Family members of a truck driver killed on I-90 near Columbus more than a year ago are now calling for justice.
After pleading no contest to a misdemeanor charge for a crash that killed Casey Allen and Nick Visser, Carlyn Jessop was given a six-month suspended sentence and a $1,000 fine on Monday.
It's a day that will forever haunt Peggy Mathiason. Her son, Nick Visser, was working with a fellow Hanser's tow truck driver, Casey Allen, to clear a crash near Columbus, when all of a sudden, the two were hit and killed by a driver from Utah.
"I don't hate him," Mathiason said about Jessop. "I feel kind of sorry for him. He's got a big burden. He's going to have the tape about (the) accident in his mind for the rest of his life. He saw things no one else saw."
Now, Mathiason isn't just coping with the loss of her son.

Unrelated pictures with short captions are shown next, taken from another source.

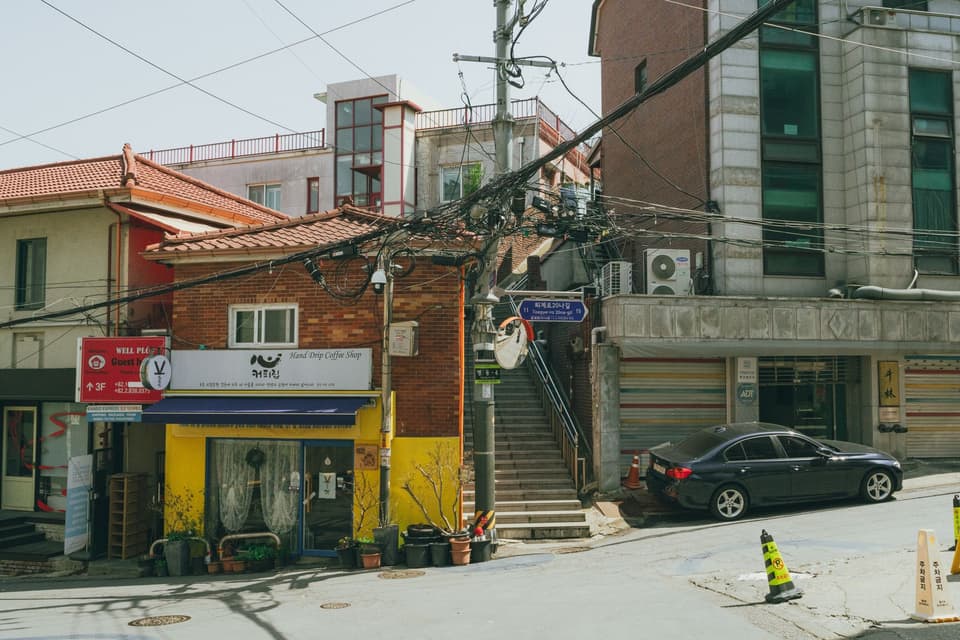 Cozy urban street view in Seoul, showcasing charming Korean architecture and vibrant city life.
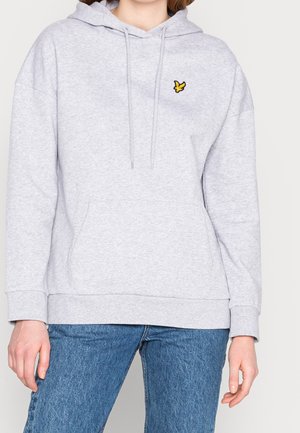 Kobieta ubrana w jasnoszary kaptur z małym żółtym emblematem ptaka na piersi oraz w niebieskie dżinsy.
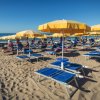 Spiaggia soleggiata con lettini blu e ombrelloni gialli allineati.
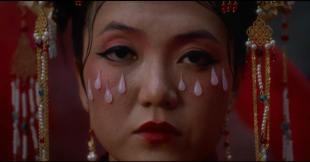 The Bridal Lament. Image is a close-up of an Asian woman's face with a complex headdress, heavy makeup and facial adornments in the form of eight white pearl tears. She looks sad.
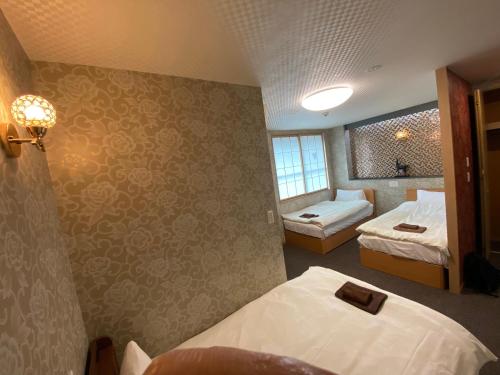 a hotel room with two beds and a window at Allcomein Hotel Akihabara in Tokyo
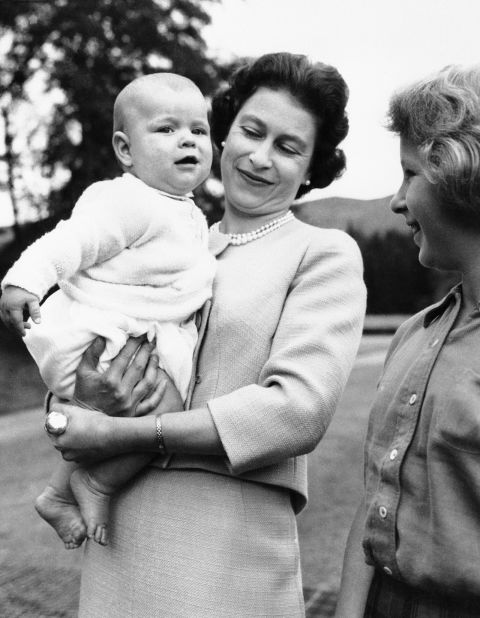 The Queen holds her son Prince Andrew while his sister, Princess Anne, watches during a family holiday at Scotland's Balmoral Castle in September 1960. The Queen has four children, including sons Charles and Edward.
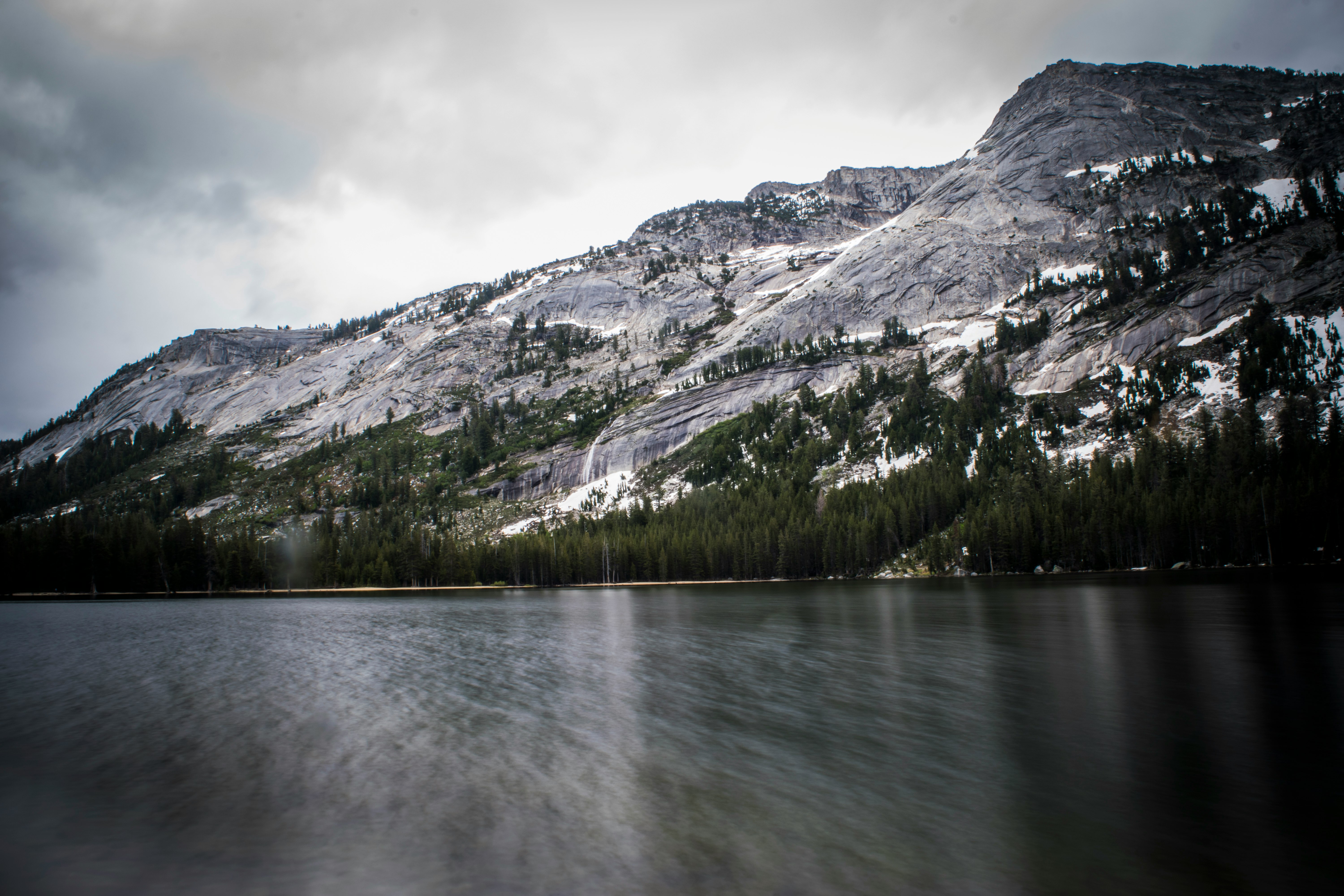 long exposure photo of body of water and mountains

She says she's trying to make sense of what happened inside a Columbus courtroom on Monday.
"To be a misdemeanor charge, and with such low penalties, two men's lives were lost," she said. "And it just doesn't equate what happened."
Mathiason says she wanted a more serious charge.
According to court records, Jessop had been on the road for 24 hours without sleep.
"We felt that reckless driving could've been assigned to this because he had been driving so long, you know," Mathiason said.
Last fall, first responders came out to the Rims and later drove through Billings in honor of Visser and Allen.
Mathiason wants to raise awareness about the importance of driving safely around tow truck drivers and other first responders.
"Anybody with lights on top of their vehicles, signage, slow down and then move over," she said. "Make sure that those people are going home to their families at night, just like we all want to do. They want to go home to their families too."